And then vision two, from 7:9-12.  Earlier in this chapter, John hears of those “who were sealed” with the mark of “the servants of our God…on their foreheads” (7:3).  Then he hears of 144,000 who were sealed, 12,000 from each of Israel’s twelve tribes.  But this is what John sees: “A great multitude that no one could count, from every tribe and from every nation, from all tribes and peoples and languages, standing before the throne and before the Lamb.”  And they worship.

Before we reflect more on these two visions, we need to take note of a few things.  It may seem a bit alarming to read of the plagues coming forth when the Lamb begins to open the scroll.  This is one of those pictures that has bamboozled interpreters for ages.  Well, the plagues have to do with the opening of the scrolls—they are not the content of the inside of the scroll.  That content has to do with the New Jerusalem and the end of wars and rumors of wars.

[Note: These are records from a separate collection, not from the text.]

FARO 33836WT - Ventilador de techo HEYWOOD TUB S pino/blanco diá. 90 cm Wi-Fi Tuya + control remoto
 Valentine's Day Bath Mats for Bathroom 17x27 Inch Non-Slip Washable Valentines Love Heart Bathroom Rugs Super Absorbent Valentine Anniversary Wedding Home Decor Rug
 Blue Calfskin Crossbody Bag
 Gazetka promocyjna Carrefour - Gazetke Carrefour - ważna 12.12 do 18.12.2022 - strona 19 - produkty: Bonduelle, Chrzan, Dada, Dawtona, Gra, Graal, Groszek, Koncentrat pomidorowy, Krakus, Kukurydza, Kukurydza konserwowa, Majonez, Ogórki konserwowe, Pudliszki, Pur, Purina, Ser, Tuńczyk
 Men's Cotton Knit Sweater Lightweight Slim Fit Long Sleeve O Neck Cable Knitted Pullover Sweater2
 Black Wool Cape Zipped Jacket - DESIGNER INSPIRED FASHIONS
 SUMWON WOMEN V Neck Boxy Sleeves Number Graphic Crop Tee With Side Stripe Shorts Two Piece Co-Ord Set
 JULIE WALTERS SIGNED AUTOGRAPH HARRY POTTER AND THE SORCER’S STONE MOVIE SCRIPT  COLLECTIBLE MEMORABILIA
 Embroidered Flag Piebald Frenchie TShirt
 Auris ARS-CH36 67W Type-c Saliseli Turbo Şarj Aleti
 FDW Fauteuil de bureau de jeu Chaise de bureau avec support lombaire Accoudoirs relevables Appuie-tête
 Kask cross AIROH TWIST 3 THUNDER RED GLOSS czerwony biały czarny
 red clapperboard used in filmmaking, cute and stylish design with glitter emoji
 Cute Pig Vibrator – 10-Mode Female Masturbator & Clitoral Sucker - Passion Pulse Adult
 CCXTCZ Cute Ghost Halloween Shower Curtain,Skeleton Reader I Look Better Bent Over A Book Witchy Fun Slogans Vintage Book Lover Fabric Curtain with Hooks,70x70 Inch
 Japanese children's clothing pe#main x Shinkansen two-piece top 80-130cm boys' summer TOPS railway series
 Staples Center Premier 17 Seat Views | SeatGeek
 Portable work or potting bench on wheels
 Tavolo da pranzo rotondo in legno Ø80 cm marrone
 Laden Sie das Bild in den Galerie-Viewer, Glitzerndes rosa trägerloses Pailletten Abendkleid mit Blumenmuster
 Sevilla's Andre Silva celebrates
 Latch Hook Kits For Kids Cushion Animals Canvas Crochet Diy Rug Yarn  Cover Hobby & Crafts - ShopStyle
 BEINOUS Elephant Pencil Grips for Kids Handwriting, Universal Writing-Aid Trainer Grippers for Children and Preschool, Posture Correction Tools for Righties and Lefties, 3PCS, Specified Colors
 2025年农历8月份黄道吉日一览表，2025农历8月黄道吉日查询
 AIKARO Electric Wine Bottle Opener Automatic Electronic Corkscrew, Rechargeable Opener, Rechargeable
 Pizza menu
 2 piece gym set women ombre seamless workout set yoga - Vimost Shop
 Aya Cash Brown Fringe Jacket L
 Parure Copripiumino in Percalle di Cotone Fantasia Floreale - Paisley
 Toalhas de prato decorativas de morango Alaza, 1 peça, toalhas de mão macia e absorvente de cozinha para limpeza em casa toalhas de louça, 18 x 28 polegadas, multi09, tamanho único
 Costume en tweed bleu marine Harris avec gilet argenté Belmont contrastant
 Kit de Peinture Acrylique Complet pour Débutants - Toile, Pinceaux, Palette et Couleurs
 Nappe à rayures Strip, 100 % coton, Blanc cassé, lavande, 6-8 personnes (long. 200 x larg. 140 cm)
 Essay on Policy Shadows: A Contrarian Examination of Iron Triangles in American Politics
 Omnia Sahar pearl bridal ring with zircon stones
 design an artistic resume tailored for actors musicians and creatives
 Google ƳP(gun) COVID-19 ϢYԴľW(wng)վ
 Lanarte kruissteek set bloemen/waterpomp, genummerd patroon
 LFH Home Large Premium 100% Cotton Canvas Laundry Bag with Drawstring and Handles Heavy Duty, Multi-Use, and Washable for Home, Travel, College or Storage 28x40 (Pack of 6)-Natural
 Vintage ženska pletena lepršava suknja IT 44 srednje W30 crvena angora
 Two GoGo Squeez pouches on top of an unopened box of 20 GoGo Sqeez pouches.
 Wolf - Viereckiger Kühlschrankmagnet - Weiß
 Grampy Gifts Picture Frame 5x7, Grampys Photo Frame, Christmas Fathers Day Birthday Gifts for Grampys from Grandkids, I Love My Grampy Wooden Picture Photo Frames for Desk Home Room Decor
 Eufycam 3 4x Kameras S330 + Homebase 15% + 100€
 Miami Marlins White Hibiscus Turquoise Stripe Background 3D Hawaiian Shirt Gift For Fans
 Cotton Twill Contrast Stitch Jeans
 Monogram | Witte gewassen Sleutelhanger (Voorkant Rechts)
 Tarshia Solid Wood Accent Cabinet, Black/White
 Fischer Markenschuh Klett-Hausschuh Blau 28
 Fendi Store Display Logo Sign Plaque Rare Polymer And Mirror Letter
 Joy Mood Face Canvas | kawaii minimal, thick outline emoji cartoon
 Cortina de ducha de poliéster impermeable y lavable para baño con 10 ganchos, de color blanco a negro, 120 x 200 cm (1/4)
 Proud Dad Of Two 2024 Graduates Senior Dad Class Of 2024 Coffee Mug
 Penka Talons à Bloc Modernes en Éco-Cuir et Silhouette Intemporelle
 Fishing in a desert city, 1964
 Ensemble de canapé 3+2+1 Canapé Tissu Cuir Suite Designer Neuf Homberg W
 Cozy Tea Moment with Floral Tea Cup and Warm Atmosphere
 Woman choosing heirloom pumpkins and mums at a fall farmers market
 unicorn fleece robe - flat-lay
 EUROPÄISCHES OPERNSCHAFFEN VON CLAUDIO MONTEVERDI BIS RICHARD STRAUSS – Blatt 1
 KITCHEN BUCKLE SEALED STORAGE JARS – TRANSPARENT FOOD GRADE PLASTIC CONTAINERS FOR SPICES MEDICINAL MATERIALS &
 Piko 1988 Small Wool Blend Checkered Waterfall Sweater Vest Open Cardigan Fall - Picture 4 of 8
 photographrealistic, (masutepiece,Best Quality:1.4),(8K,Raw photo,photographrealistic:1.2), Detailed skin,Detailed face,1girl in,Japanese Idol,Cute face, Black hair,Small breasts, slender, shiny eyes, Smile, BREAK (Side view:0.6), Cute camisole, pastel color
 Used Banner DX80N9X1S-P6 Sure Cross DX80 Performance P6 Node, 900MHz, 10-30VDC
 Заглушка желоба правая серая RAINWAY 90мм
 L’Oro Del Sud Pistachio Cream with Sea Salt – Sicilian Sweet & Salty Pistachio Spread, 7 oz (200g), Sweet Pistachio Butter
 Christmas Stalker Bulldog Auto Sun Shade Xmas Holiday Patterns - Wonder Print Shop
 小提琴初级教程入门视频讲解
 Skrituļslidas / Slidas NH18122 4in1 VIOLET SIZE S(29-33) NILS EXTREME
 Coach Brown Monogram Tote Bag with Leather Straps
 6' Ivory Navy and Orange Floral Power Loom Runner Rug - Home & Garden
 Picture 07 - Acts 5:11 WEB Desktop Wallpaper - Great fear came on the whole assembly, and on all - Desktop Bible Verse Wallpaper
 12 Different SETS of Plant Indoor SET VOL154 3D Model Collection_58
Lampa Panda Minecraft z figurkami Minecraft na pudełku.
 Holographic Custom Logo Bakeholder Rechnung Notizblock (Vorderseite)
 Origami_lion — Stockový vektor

The plagues themselves, we learn later, do not come from the Lamb but from the Dragon, they actually are acts of rebellion against God.  The plagues symbolize human history under the sway of the myth of redemptive violence, human history under the sway of people age after age worshiping the great empires, human history under the sway of human fear and arrogance.

The Lamb opening the seals symbolizes how the Lamb’s way makes it clear that the wars and rumors of war are always tools of evil.  It’s like Nicholson Baker’s book, Human Smoke.  He simply describes, without comment, the events prior to and in the early years of World War II.  But in doing so, he helps us clearly see how using evil to combat evil only furthered the evil.

Our second vision underscores that the methods of violence do not conquer the Lamb’s followers.  The 144,000 here, those sealed by God, make up another of the great—and bamboozling—symbols in the book.  About one hundred years ago, this number was taken very literally by the Jehovah’s Witnesses.  They read Revelation as predicting future events.  They claimed that they were the true believers that God was raising up in the last days.  Once their number reached 144,000, the end would come.  Ironically, their interpretation was refuted by their own success.  They attracted so many people who wanted to be part of the elect few that they expanded way beyond 144,000.  So, of course, their interpretation of this number changed….

Back in chapter five, we had a dramatic upturning of expectations.  John hears about something and then sees the true meaning of what was heard.  Who could open the scroll?  John hears mighty king, an all-powerful warrior—then John sees a slain and resurrected Lamb.  This lamb is indeed a victorious warrior, but his victory happened through persevering love, not through the power of the sword.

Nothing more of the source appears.